| Action item |
Your answer must be the lines from the first record through the line that contains "My Way Women-Espuma de higiene íntima", copied exactly and without any pictures.

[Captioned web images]
++++++++++

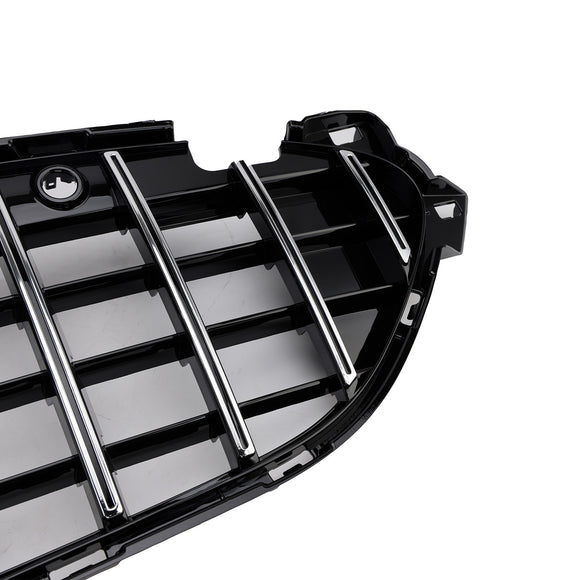 Rejilla del parachoques delantero compatible con Mercedes-Benz Clase CLE W236 C236 2024-2026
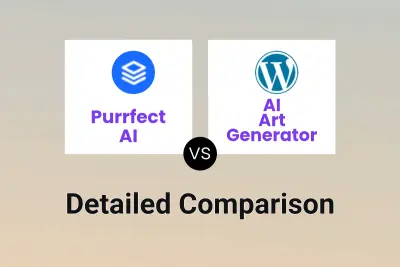 Purrfect AI vs AI Art Generator Detailed comparison features, price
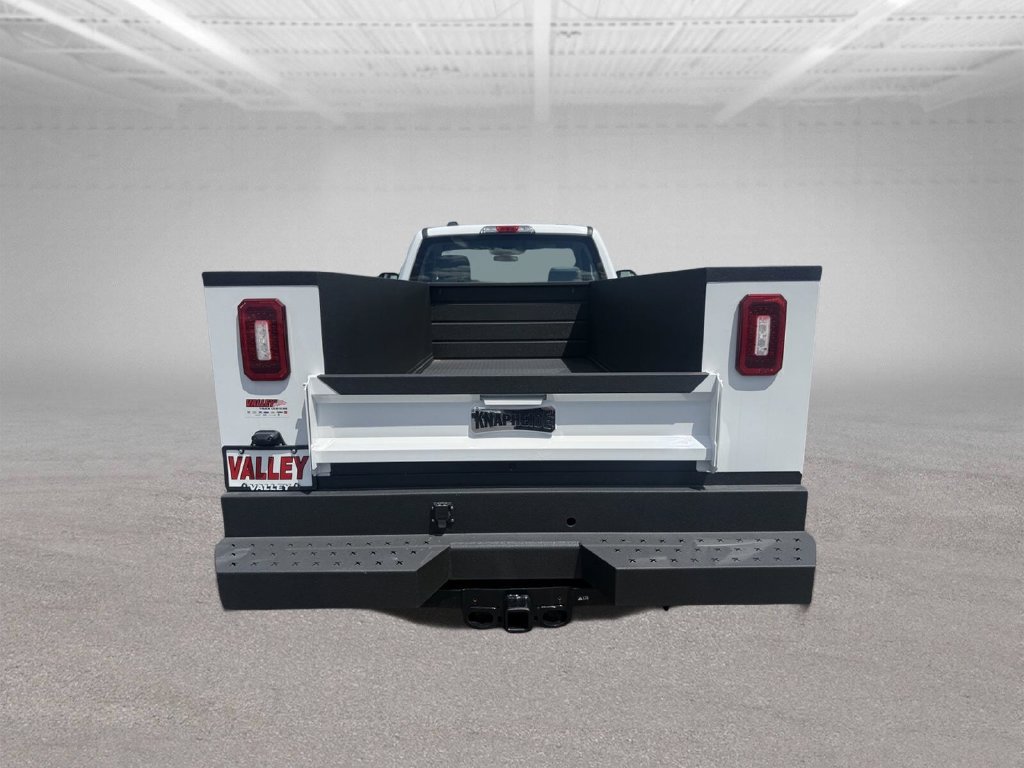 New 2026 Ford F250 XL w/ Snow Plow Prep Package AWD/4WD image 5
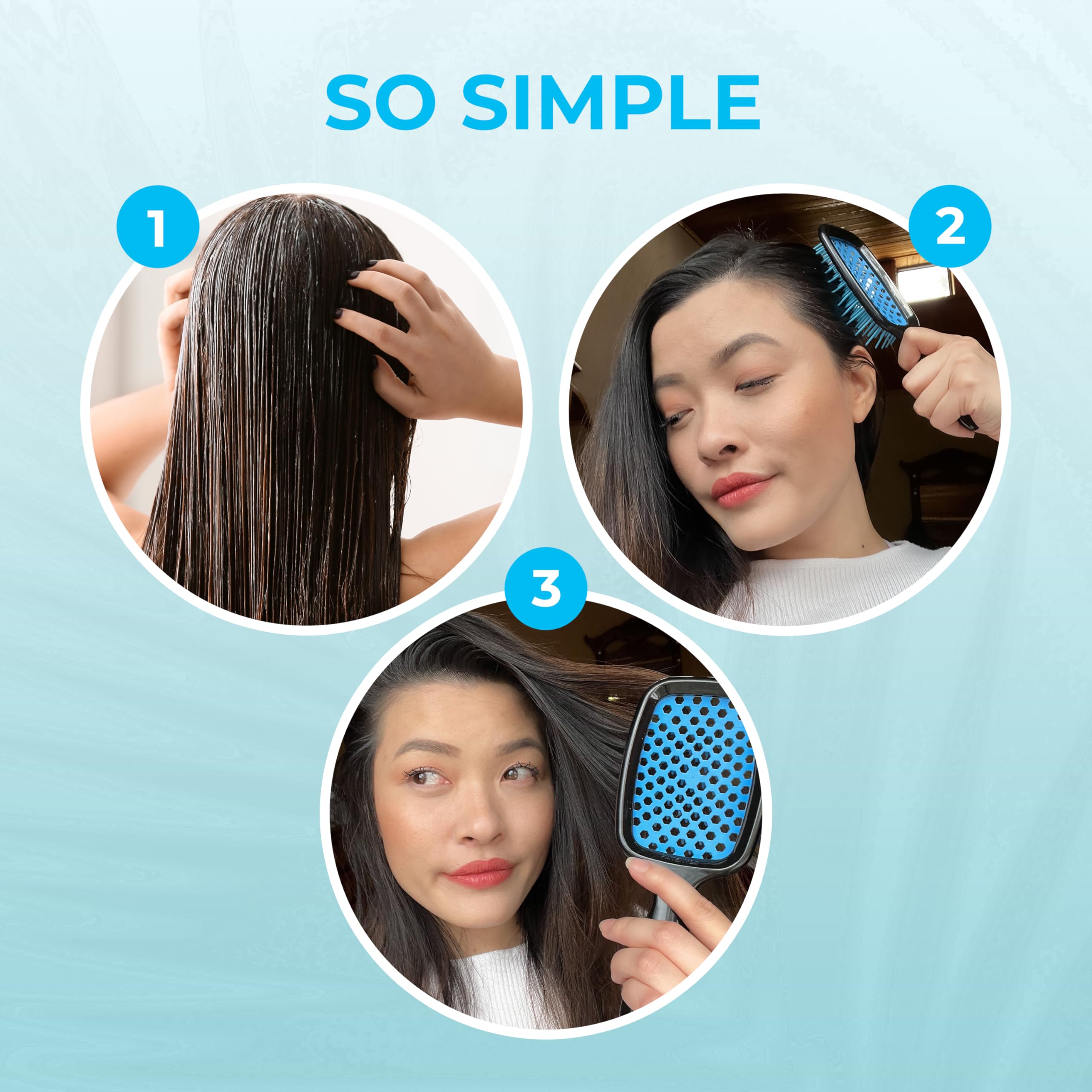FHI Heat UNbrush durable construction promises long-lasting styling tool.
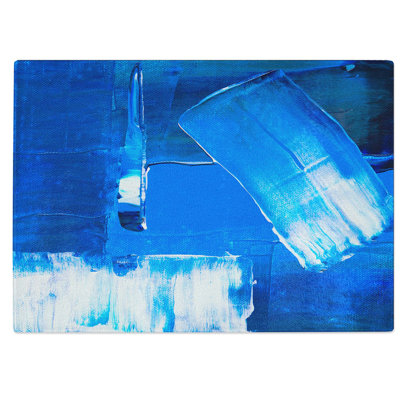 Tempered Glass Art Painting Vol.286 Chopping Board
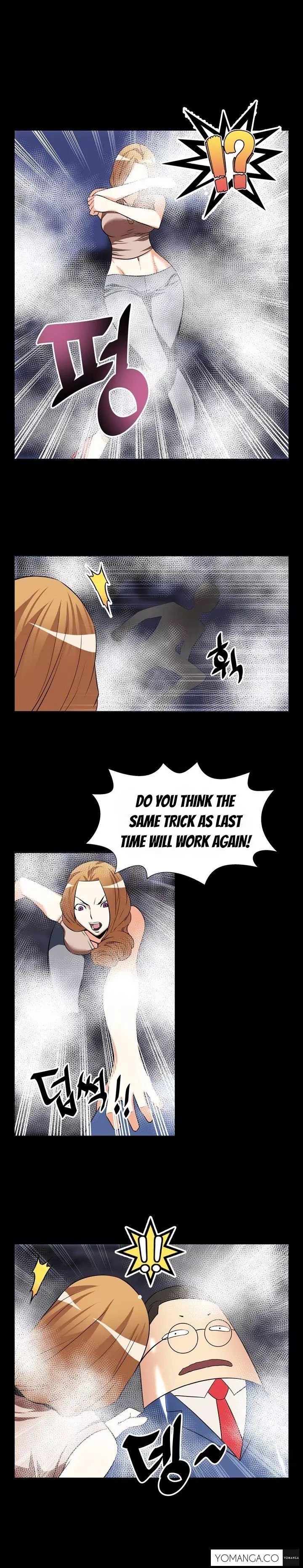 Love Parameter [Insane, Kkun] Chapter 021 – page 4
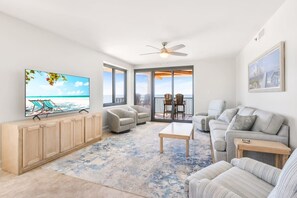 TV, DVD player, offices - Broadmoor  Beachfront Views from every room  3 beds (Orange Beach)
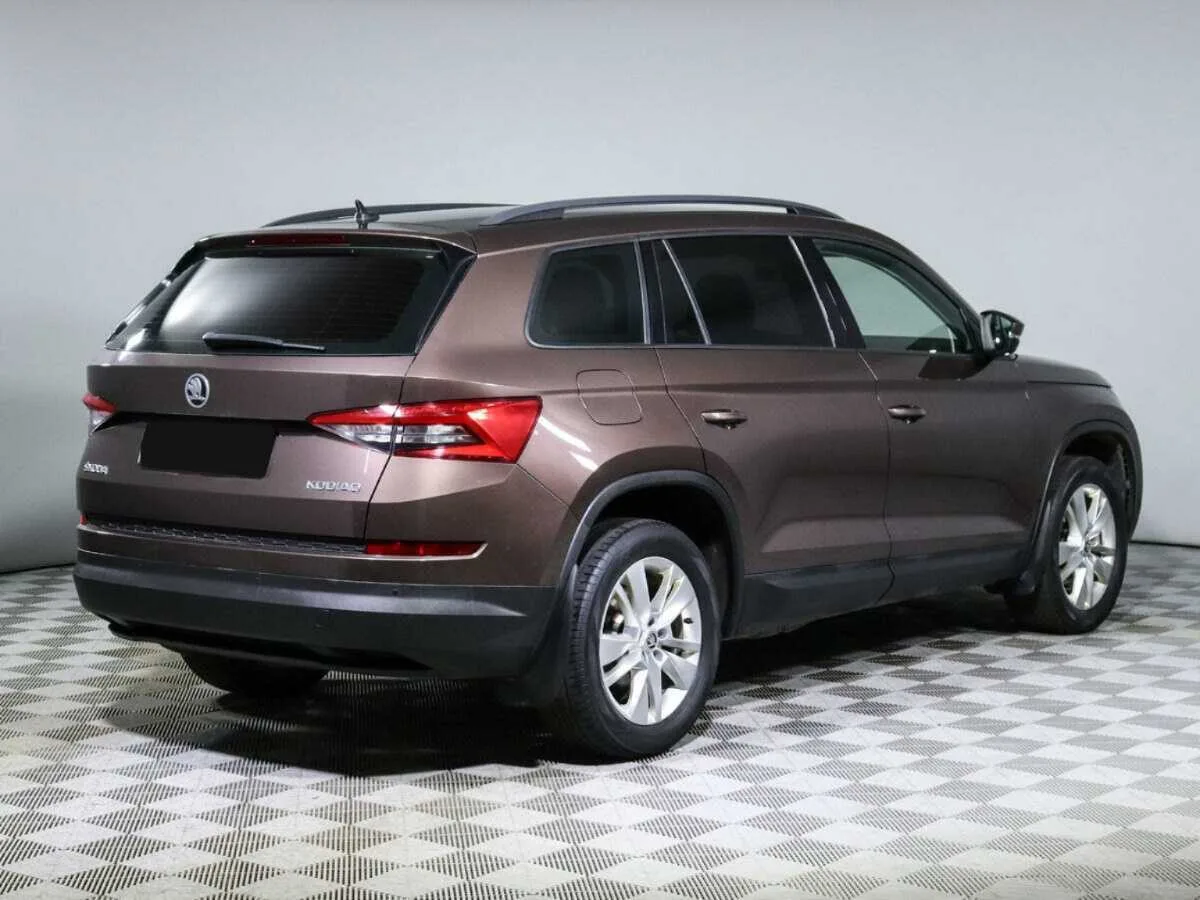 Skoda Kodiaq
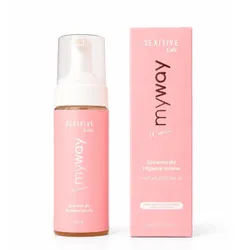 My Way Women-Espuma de higiene íntima 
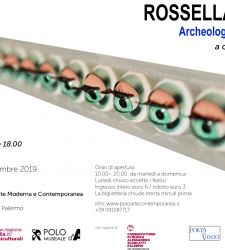 Le opere di Rossella Leone esposte a Palermo nella mostra “Archeologia dello sguardo”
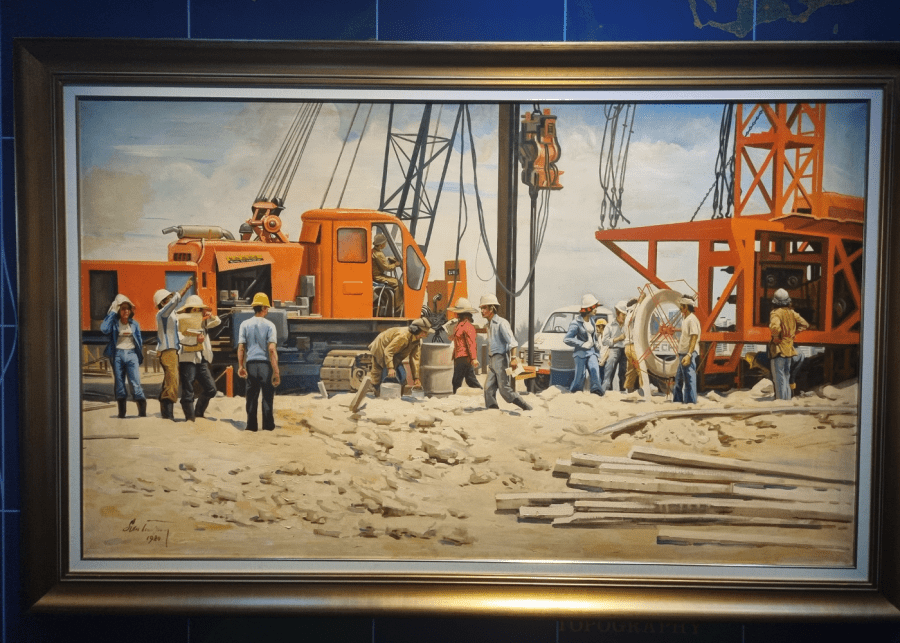 Once Upon a Tide art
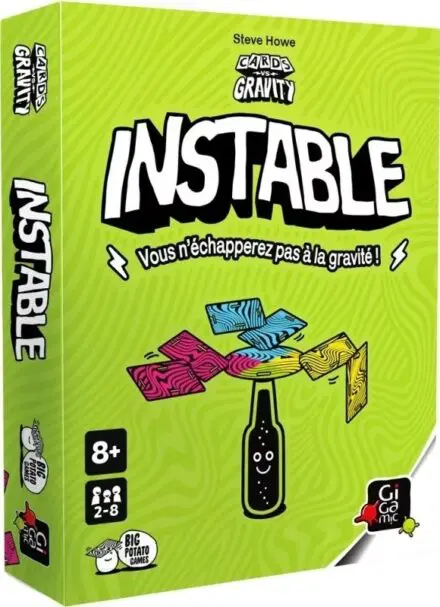 Instable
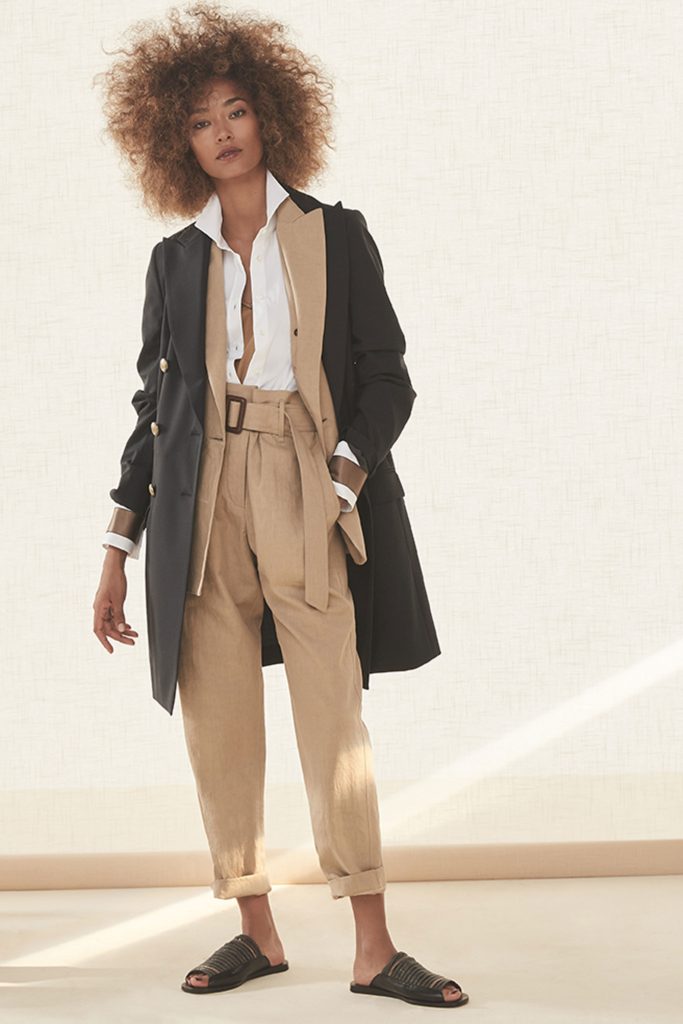 Milan Fashion Week Bruno Cucinelli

++++++++++

| Result of this task |
 Rejilla del parachoques delantero compatible con Mercedes-Benz Clase CLE W236 C236 2024-2026
 Purrfect AI vs AI Art Generator Detailed comparison features, price
 New 2026 Ford F250 XL w/ Snow Plow Prep Package AWD/4WD image 5
FHI Heat UNbrush durable construction promises long-lasting styling tool.
 Tempered Glass Art Painting Vol.286 Chopping Board
 Love Parameter [Insane, Kkun] Chapter 021 – page 4
 TV, DVD player, offices - Broadmoor  Beachfront Views from every room  3 beds (Orange Beach)
 Skoda Kodiaq
 My Way Women-Espuma de higiene íntima 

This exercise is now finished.